Laicità per il terzo millennio

La guerra sul crocifisso e un promettente metodo di dialogo
crocifisso

Una possibile definizione di «laico» è questa: «Chi si pone dinanzi a problemi o scelte di tipo etico o politico con un atteggiamento libero da vincoli ideologici» (Devoto Oli 2007). Mentre una definizione di “ideologico” è questa: «Basato su preconcetti piuttosto che su una analisi oggettiva». Siamo tutti laici, quindi, se adottiamo un atteggiamento di apertura mentale che può aiutarci ad affrontare con un minimo di serenità anche un tema non facile come quello della laicità, che oggi divide aspramente, soprattutto in Italia, perché connesso con le nostre convinzioni più profonde.
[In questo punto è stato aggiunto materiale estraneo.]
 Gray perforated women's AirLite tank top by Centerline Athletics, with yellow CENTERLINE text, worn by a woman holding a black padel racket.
Per ripercorrere velocemente il dibattito sull’esposizione del crocifisso nei luoghi pubblici, possiamo partire da un fatto accaduto alcuni anni fa, quando un immigrato, ricoverato in ospedale, trovandosi davanti il crocifisso appeso alla parete della stanza, in un impeto di ira lo staccò e lo gettò dalla finestra, provocando il pianto triste e inconsolabile di una signora presente.
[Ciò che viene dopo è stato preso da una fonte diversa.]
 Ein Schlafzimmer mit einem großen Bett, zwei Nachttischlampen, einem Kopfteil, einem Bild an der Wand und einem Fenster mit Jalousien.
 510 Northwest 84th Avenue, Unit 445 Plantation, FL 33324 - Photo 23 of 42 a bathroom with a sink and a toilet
Se non ricordo male, su un quotidiano nazionale il consiglio di un importante commentatore fu più o meno questo: non è il caso di prendere la cosa di petto, lasciamo che sia il tempo a risolvere il problema, visto che le chiese si stanno svuotando e le nuove generazioni ormai non credono più in questo antico e assurdo mito.

Da cattolico, ho qualche dubbio sulla fondatezza di tale previsione, visto che da più di due millenni i maestri di pensiero di tutte le epoche prevedono la scomparsa della Chiesa cattolica.
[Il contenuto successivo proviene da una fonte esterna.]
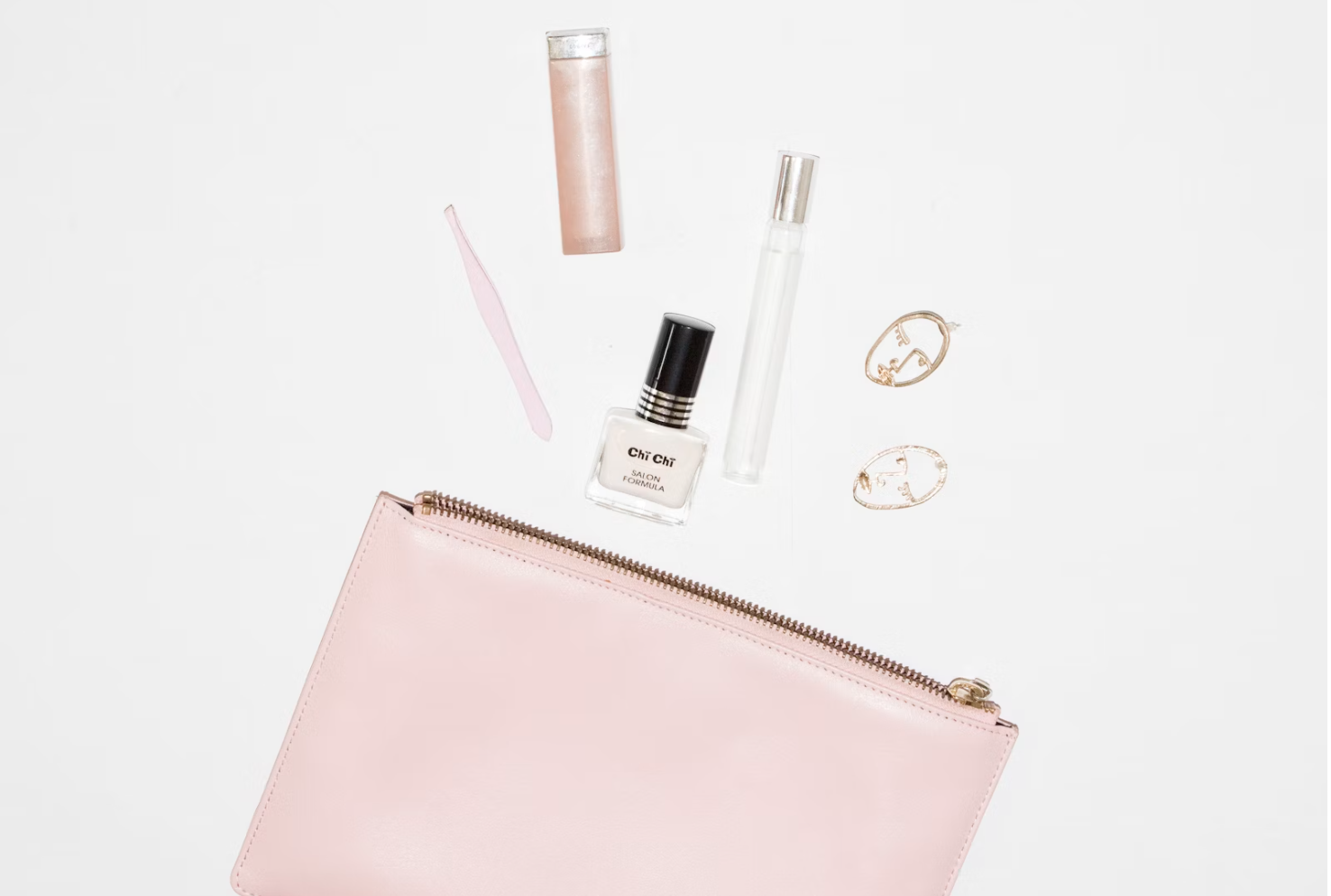 a pink cosmetic bag and some makeups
D’altra parte è anche evidente il progressivo processo di secolarizzazione in atto, che prefigura, se continua così, un cristianesimo ridotto nel mondo a religione di minoranza. Questo potrebbe servire a far diminuire, in tanti cristiani, il senso di superiorità di chi si sente sempre dalla parte del giusto, senso di superiorità che fa scattare nei laici la reazione opposta, con il rifiuto, per partito preso, di qualsiasi cosa abbia a che fare con la religione. E il supporto, viceversa, di qualsiasi idea contraria.

Come la mancata menzione delle radici cristiane nella costituzione per l’Europa, che a posteriori appare più frutto di un rifiuto ideologico, che ragionamento fondato sulla realtà. Col risultato finale di costruire un’Europa senza fondamenta, senza identità. Ma forse sono troppo di parte.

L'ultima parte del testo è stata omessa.